MTC is different from current communication models as it involves new or different market scenarios. Potentially it involves very large number of communicating entities (MTC devices) with little traffic per device. Examples of such applications include: fleet management, smart metering, home automation, e-health, etc. Many different MTC devices may operate in the same location using a variety of radio access technologies on many different radio frequencies.
Studies of MTC have indicated great potential for such communications over mobile networks. The ubiquitous coverage of mobile networks is one main enabler.
However, to fully support these service requirements, it is necessary to improve efficiency in radio access networks to handle machine-type communications. Efforts have already been made in this direction, and the 3GPP Technical Report TR 23.888 “System Improvements for Machine-Type Communications”, hereby incorporated by reference, summarises an agreed architectural baseline for MTC services provided by a 3GPP wireless communication system.
An important consideration in improving efficiency is the use of multiple radio frequency bands in the most efficient way to handle both short range local communications links and wide area links via cellular networks.
As the number of devices in a given geographical area increases, the problem of radio interference between devices will increase. Typically, in one geographical area there will be many devices using radio communication information both on short range (<100 m) links and using cellular wide area networks (typically >100 m).

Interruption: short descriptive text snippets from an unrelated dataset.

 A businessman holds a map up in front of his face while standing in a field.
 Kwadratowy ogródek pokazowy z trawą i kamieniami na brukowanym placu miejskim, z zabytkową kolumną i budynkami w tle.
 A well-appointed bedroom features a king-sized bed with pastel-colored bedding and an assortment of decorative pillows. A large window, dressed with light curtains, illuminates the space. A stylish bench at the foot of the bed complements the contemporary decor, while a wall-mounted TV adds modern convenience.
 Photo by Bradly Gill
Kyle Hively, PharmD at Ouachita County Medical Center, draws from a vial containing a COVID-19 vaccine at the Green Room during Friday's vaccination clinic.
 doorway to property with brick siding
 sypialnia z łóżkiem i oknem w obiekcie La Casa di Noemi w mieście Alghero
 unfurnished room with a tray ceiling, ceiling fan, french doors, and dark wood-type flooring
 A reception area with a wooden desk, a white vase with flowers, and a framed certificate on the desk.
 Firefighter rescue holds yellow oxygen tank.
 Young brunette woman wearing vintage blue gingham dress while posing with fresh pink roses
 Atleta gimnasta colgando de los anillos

Typical scenarios where the number of devices will be seen to be increasing includes “smart cities” where many devices are deployed in the environment for transportation, environmental monitoring, etc. using both short range and long range communications networks.
Another environment where many devices could be deployed in close proximity is in the home, where many devices use radio connections for the transfer of sensor data, health related data, personal information and general communications (WiFi and voice), etc. The expression “geographical area” is thus to be interpreted broadly. It could include, for example, a single house or office building.
There are several different scenarios where interference mitigation would be beneficial including:                (i) Interference between devices operating on the same band (e.g. the ISM band at 2.4 GHz) with either:                    the same radio access technology; or            different radio access technologies                        (ii) Interference between devices operating in different frequency bands (but still causing mutual interference caused by receiver and/or transmitter non-linearity).        
The management of interference can generally take two forms:                (a) Passive interference management: this is where one device monitors for interference and operates in a way to avoid any potential problems.        (b) Active interference management: where one device can communicate to other devices information relating to interference, which can be used by other devices to avoid potential problems.        
However, such management is generally confined to a single radio access network (RAN) as explained below. In the above-mentioned scenarios, there is a need to improve existing interference and co-existence schemes to avoid potential conflicts across diverse systems.